The one exception to the rule would be abortion. To orthodox (theologically conservative) Christians, abortion is a great evil and a great horror. It is more than an inconvenience to us.

But, here is the bottom line. Let us be careful in our rhetoric. Let us reserve the word, “persecution,” for those instances of true physical persecution in various countries. Our brethren are dying. Let us honor them by labeling them martyrs without using the word “martyrs” for our inconveniences. And, then, let us work to bring relief to them by putting pressure on various international bodies, lobbying our Congress to cut off funds to any country that persecutes us, and ensuring that human rights are an important part of our ethic. We can deal with our inconveniences the next time we go to elect members of Congress.

Comments

  1. says

    Fr. Ernesto,

    We should also differentiate between persecution and suffering from an unjust law. Say a Christian suffers from an unjust law or ordinance. That Christian realizes the law is unjust, and both appeals the law and fights to change the law based upon his view of Christian righteousness. He loses his case and suffers the penalty of the law. Now, this is not necessarily persecution because the reason he suffered is not because he is a Christian, but because the law is unjust. There is a difference here.

  2. says

    Here in the USA, and in the mind of Christians…I think we have to decide what a (true) ‘right’ actually is first. In my thinking…for instance, as we make decisions about abortion and other life issues…the right to life does not just mean the right to be born. It fundimentally means the right to be born AND to live.

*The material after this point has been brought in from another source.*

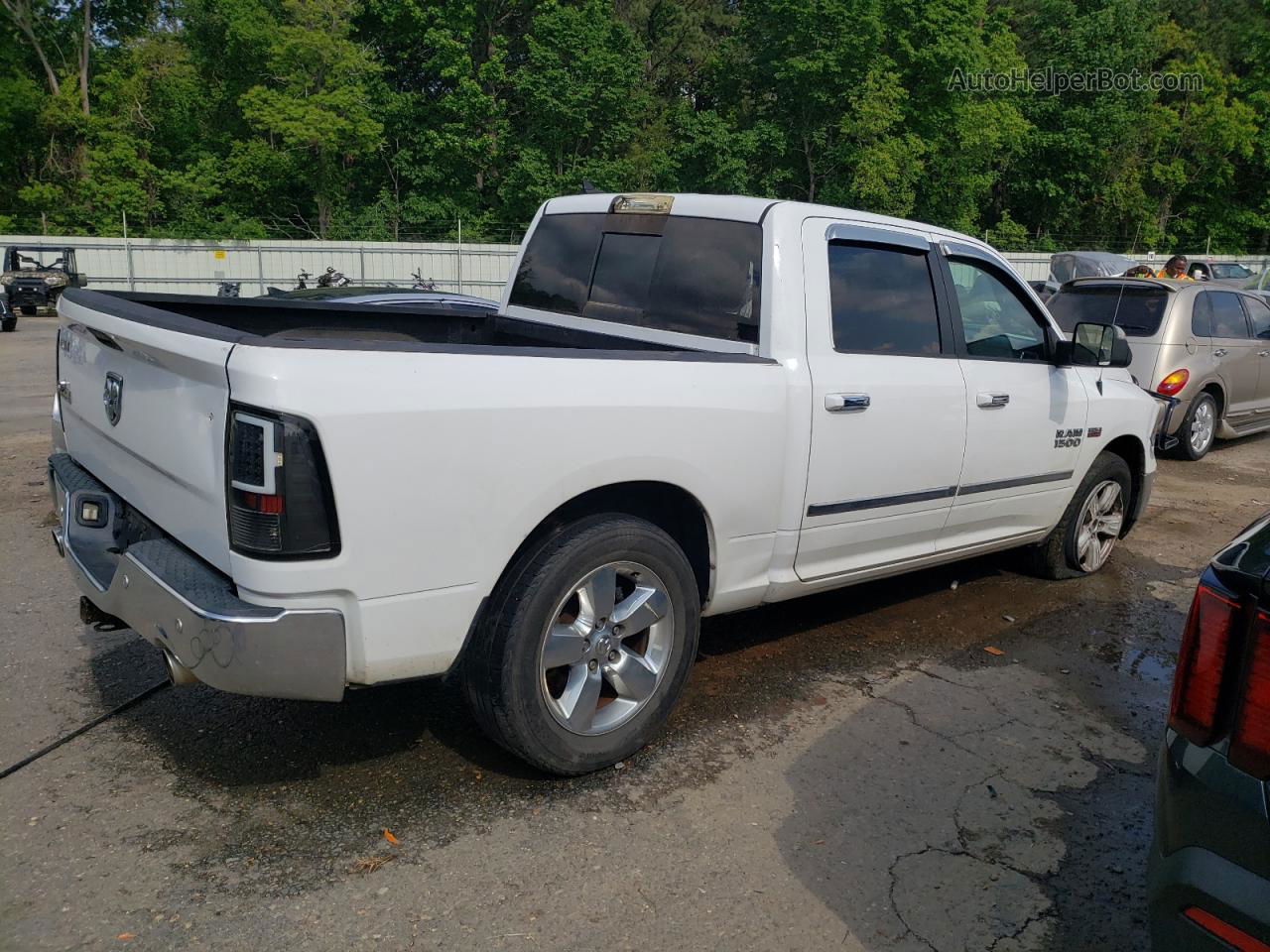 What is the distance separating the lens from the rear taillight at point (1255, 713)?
195 cm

    >>But if in our mind the right to be born is unequal to a right to live…which seems to be the case in this country…then what we are doing is – passing a law that would affect someone else…which would conveniently, and for most of us, not impact us personally at all…except to make us ‘feel moral/righteous’.

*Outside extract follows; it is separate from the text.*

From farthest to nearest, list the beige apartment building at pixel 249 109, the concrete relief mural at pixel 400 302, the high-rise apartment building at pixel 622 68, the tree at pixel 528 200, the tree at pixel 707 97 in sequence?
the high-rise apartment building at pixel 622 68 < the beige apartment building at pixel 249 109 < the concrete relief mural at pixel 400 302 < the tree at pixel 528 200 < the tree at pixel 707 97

    So, in my estimation we have a ways to go….because if we got to the point of realizing/deciding that we all have a right to be born and to live…THEN we’d have to do something that would affect us personally! As it would involve our money and time to make sure those babies had food, clothing, medical and schooling. True rights are not given in isolation…or for selfish reasons…it comes with the expectation the we would value the same rights for everyone.

    • Betty Cyrus says

      My beliefs and reasoning on abortion are quite complicated (mostly because of what I do for a living) and so I usually don’t comment about it because of the passion of those I care about who don’t understand and disagree but your post is so breathtakingly to the point I needed to give you props for voicing it so well. This is an integral part of the disconnect from the conservative religious school of thought and the secular American experience.

  3. George Kleinert says

    Minor quibble – The author of the article in The Independent at the top of this post has repeated a common misconception. Emperor Constantine did not “[make] the Roman Empire Christian”. That would be Emperor Theodosius I, six emperors later. Constantine’s major contribution was to make Christianity legal, while he did also call the first Ecumenical Council.